(Short text fragments from websites)
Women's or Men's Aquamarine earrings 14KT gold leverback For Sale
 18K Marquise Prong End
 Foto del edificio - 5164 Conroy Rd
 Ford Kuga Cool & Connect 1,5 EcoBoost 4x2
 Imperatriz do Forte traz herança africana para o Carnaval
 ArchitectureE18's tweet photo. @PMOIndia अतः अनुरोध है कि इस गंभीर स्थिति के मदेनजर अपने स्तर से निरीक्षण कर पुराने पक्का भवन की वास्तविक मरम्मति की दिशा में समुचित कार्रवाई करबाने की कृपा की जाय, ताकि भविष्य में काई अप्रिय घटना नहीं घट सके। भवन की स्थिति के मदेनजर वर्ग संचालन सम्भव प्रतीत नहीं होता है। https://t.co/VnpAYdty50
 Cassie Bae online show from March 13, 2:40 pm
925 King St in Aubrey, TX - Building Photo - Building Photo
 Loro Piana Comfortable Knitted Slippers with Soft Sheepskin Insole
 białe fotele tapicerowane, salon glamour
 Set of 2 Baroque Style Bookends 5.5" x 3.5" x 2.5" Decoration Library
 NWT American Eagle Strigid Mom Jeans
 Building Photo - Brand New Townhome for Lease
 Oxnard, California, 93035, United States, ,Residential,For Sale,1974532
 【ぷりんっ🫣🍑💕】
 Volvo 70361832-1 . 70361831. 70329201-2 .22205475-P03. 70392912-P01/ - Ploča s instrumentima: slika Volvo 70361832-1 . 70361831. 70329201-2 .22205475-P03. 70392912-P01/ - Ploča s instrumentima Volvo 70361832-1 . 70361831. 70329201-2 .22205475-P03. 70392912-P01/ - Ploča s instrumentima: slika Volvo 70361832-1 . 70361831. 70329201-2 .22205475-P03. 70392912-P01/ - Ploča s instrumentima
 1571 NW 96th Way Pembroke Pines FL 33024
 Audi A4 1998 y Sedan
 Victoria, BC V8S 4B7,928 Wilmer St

### WORK REQUEST:
Every line above must be reproduced exactly as it stands.

### WRITTEN ANSWER:
Women's or Men's Aquamarine earrings 14KT gold leverback For Sale
 18K Marquise Prong End
 Foto del edificio - 5164 Conroy Rd
 Ford Kuga Cool & Connect 1,5 EcoBoost 4x2
 Imperatriz do Forte traz herança africana para o Carnaval
 ArchitectureE18's tweet photo. @PMOIndia अतः अनुरोध है कि इस गंभीर स्थिति के मदेनजर अपने स्तर से निरीक्षण कर पुराने पक्का भवन की वास्तविक मरम्मति की दिशा में समुचित कार्रवाई करबाने की कृपा की जाय, ताकि भविष्य में काई अप्रिय घटना नहीं घट सके। भवन की स्थिति के मदेनजर वर्ग संचालन सम्भव प्रतीत नहीं होता है। https://t.co/VnpAYdty50
 Cassie Bae online show from March 13, 2:40 pm
925 King St in Aubrey, TX - Building Photo - Building Photo
 Loro Piana Comfortable Knitted Slippers with Soft Sheepskin Insole
 białe fotele tapicerowane, salon glamour
 Set of 2 Baroque Style Bookends 5.5" x 3.5" x 2.5" Decoration Library
 NWT American Eagle Strigid Mom Jeans
 Building Photo - Brand New Townhome for Lease
 Oxnard, California, 93035, United States, ,Residential,For Sale,1974532
 【ぷりんっ🫣🍑💕】
 Volvo 70361832-1 . 70361831. 70329201-2 .22205475-P03. 70392912-P01/ - Ploča s instrumentima: slika Volvo 70361832-1 . 70361831. 70329201-2 .22205475-P03. 70392912-P01/ - Ploča s instrumentima Volvo 70361832-1 . 70361831. 70329201-2 .22205475-P03. 70392912-P01/ - Ploča s instrumentima: slika Volvo 70361832-1 . 70361831. 70329201-2 .22205475-P03. 70392912-P01/ - Ploča s instrumentima
 1571 NW 96th Way Pembroke Pines FL 33024
 Audi A4 1998 y Sedan
 Victoria, BC V8S 4B7,928 Wilmer St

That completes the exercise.